In the News:
Hare Krishna festival lifts Londoners' spirits
Posted August 4, 2005
London, July 20, 2005
Over 25,000 people participated in the 37th London "Ratha-yatra Carnival of Chariots" last Sunday, despite the terror fear that has made many shun buses and Tube trains since 7/7. It is London's version of Jagannath Puri yatra and devotees have always flocked at the event.
As every year, the annual Hare Krishna festival was a colourful display of London's multicultural and multi-faith community. Three 40-foot high colourful chariots carrying the deities of Lord Jagannatha, Lady Subhadra and Lord Balarama were hand-pulled by a 5,000 strong procession, from Hyde Park to Trafalgar Square, accompanied by singers, musicians, and dancers.
At Trafalgar Square, where the procession came to an end, the three chariots were lined up against the British Gallery, while festival goers participated in a cultural and educational fair. A colourful host of tents offered music, food, multi-media exhibitions, face painting, and a `try-a-sari' experience.
On stage, the Hare Krishna Festival Troupe treated onlookers to a performance from the Nitai Dance Group, as well as classical Indian dance, and devotional music. Free Indian vegetarian meals were distributed to all the revellers.
Londoners and tourists alike agreed that the festival was "uplifting", especially after the traumatic London bombings. "I came with my girlfriend, and it's so nice to see the colours and smiles on everyone's faces," said one London man.

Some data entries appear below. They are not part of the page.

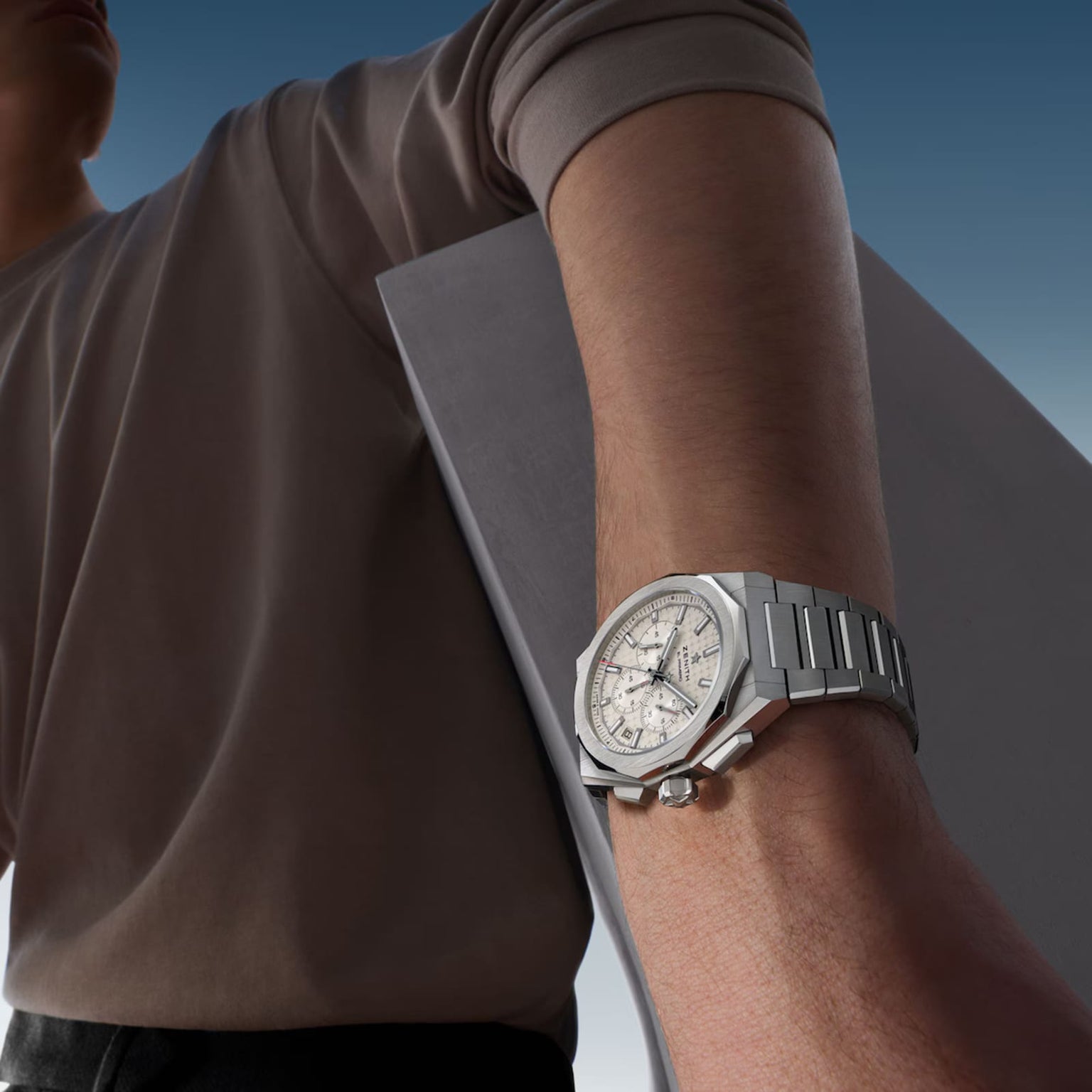 A person in a light beige shirt holds a rectangular gray object, wearing a Zenith Defy Skyline Chronograph with an interchangeable steel bracelet on their left wrist, set against a blue sky background.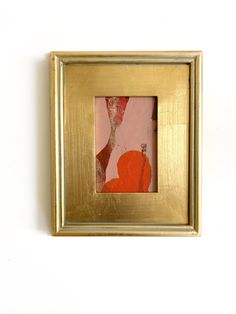 a gold frame with an orange and pink painting in the center on a white wall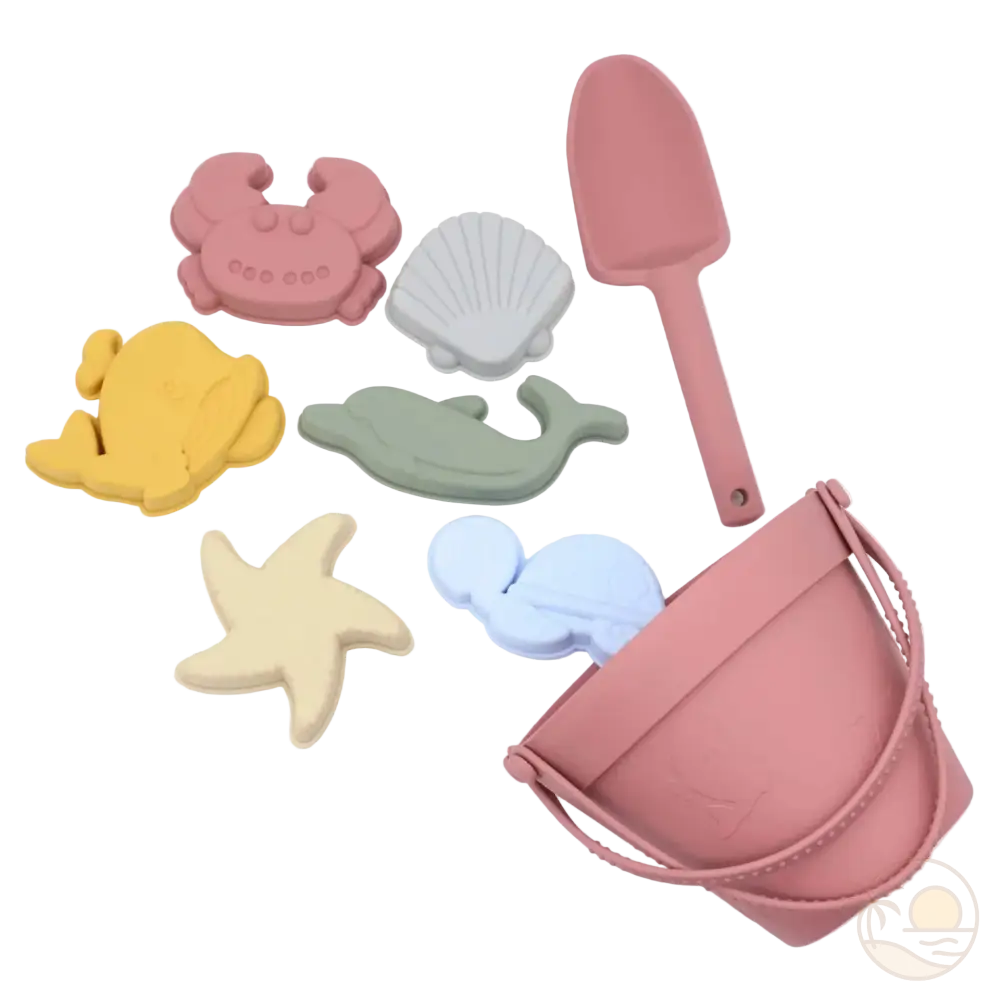 seau et pelle pour la plage rose moules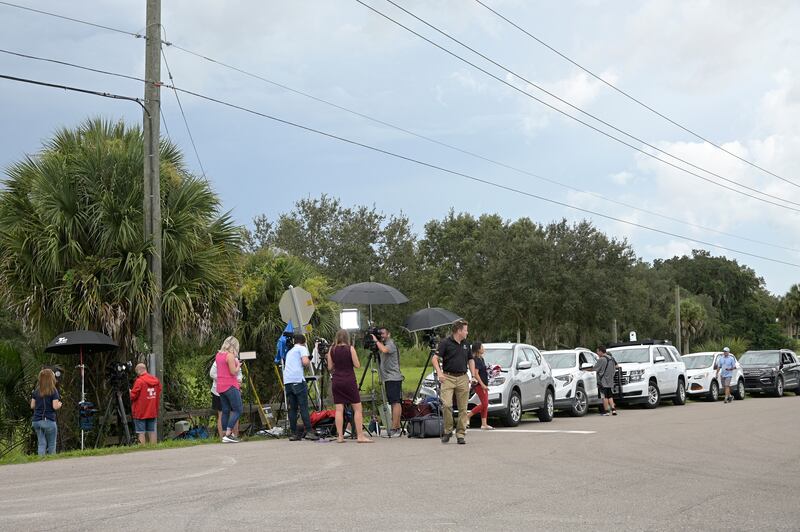 Vehicles line a road outside the entrance of the Carlton Reserve during a search for Brian Laundrie in Venice, Fla.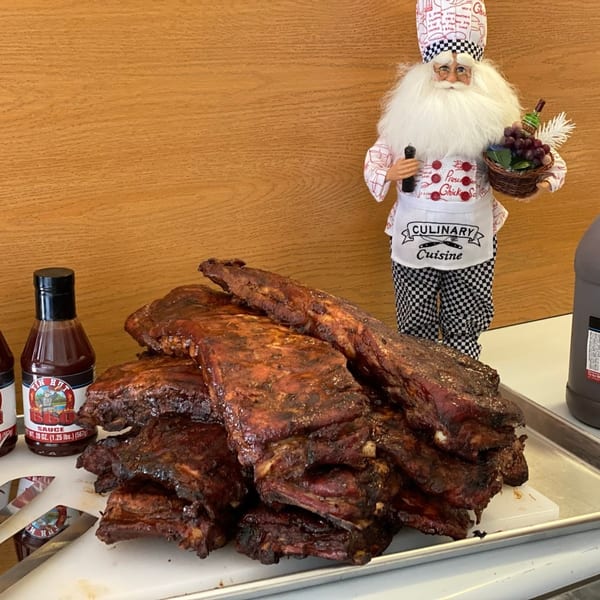 Tin Hut BBQ ribs on a tray with barbecue sauce bottles and a chef figurine.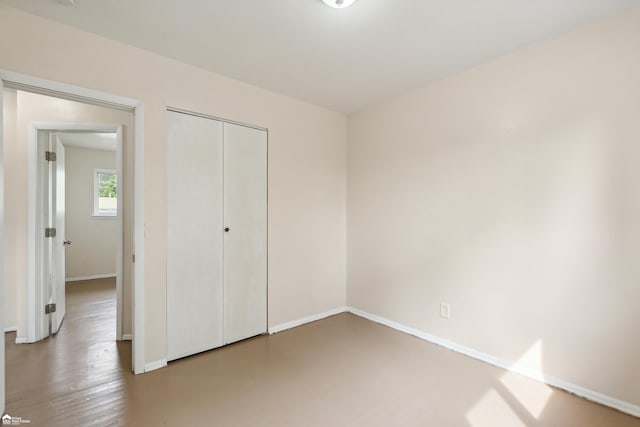 unfurnished bedroom with a closet and hardwood / wood-style floors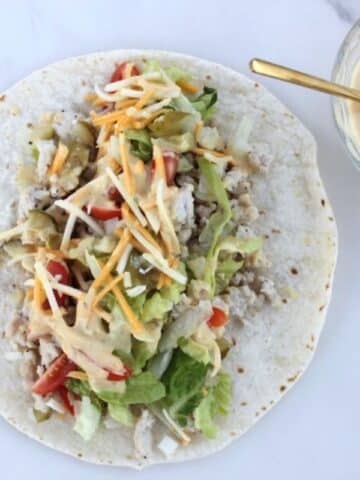 Image of Big Mac Wrap sitting opened face on counter with Big Mac sauce in a bowl on the side.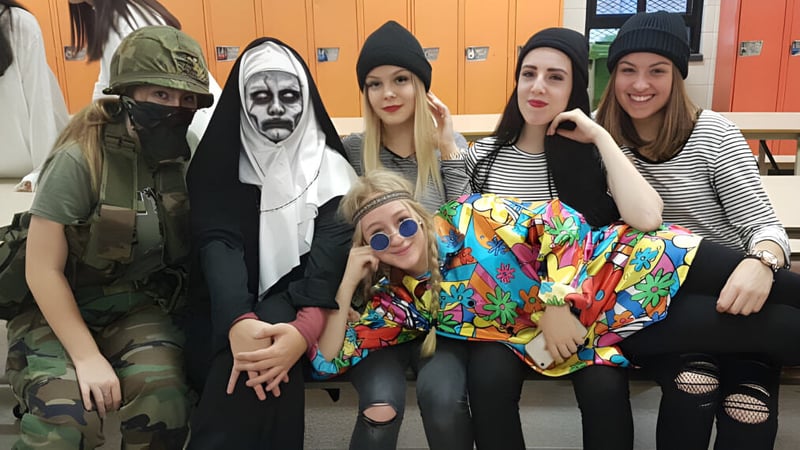 Eine Gruppe Schülerinnen der École Polyvalente des Monts trägt verschiedene Kostüme und posiert gemeinsam in einer schulischen Umgebung.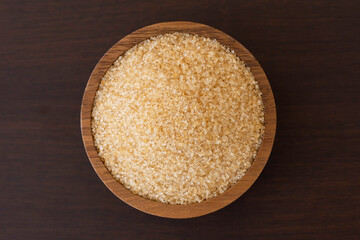 Closeup brown sugar in wooden bowl isolated on wood table background. Top view. Flat lay.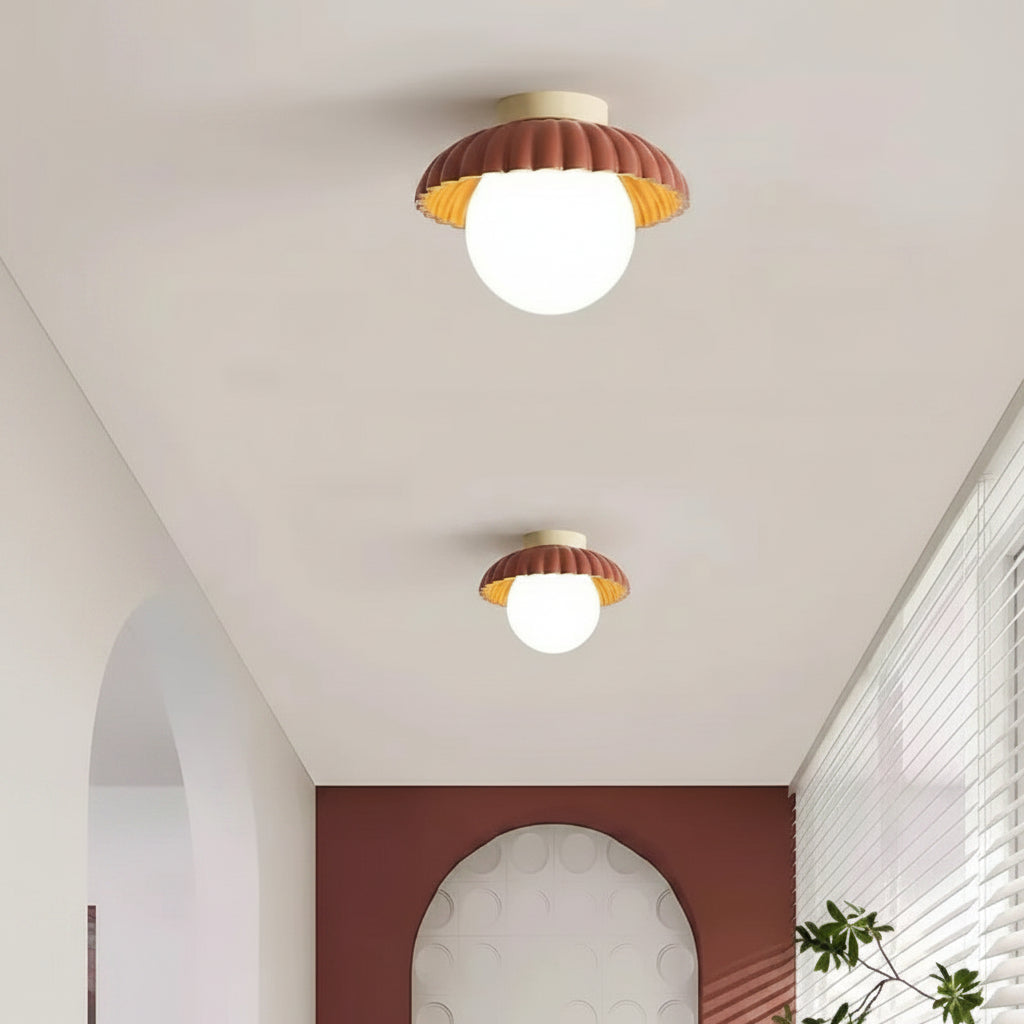 Angled view of the cream flush mount ceiling light and metal canopy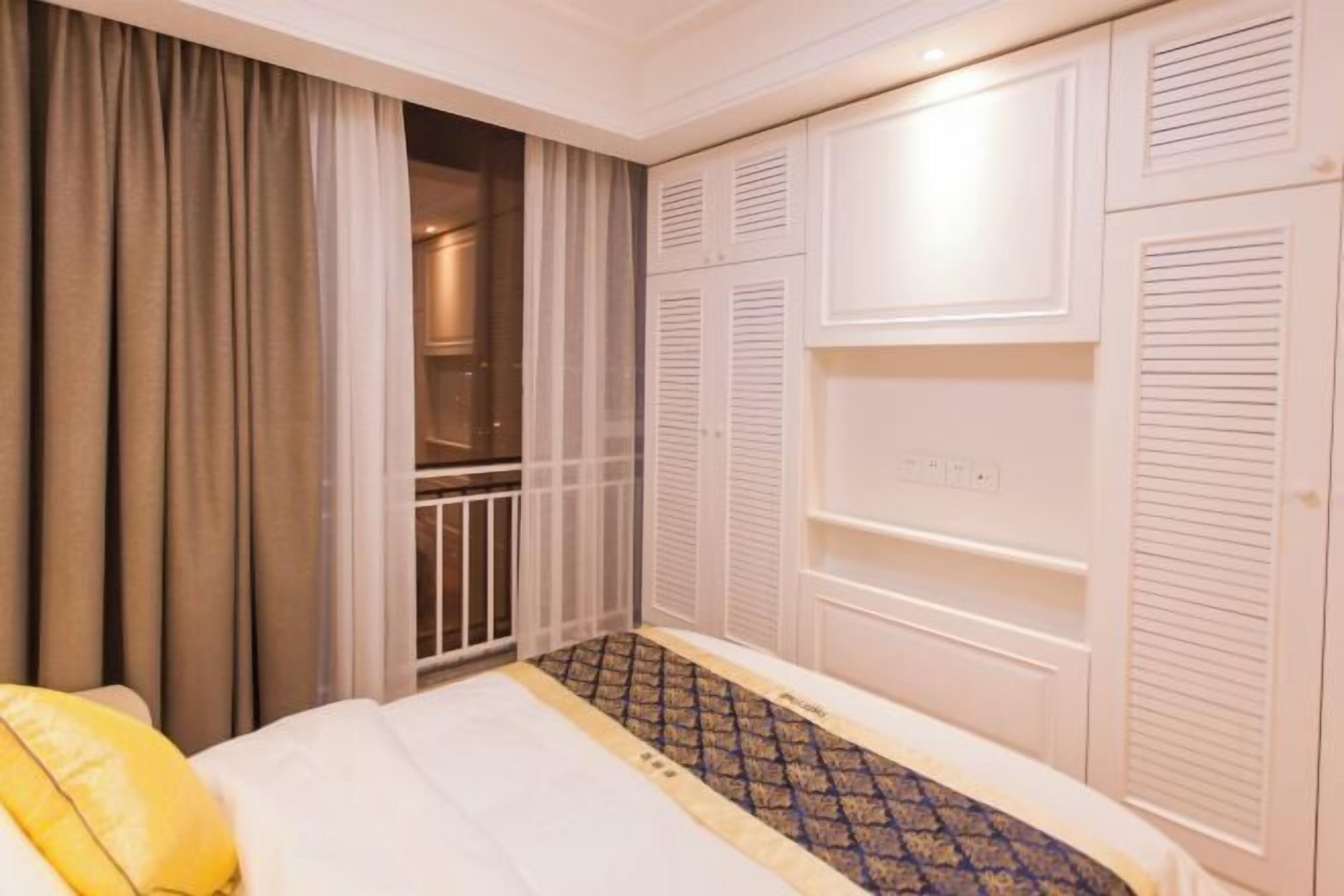 A bedroom with a bed, a wardrobe, and a window with curtains.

The traditional Jagannath Ratha Yatra is a celebration over 5000 years old, observed in the ancient holy city of Jagannath Puri in Orissa, India, making it the oldest street festival in the world.
The founder of the International Society for Krishna Consciousness brought this ancient festival to the western shores. The first Ratha-yatra festival outside India took place in San Francisco in 1967. This festival came to London in 1969, where it has been faithfully observed every year for the last 37 years attracting more than 15,000 people.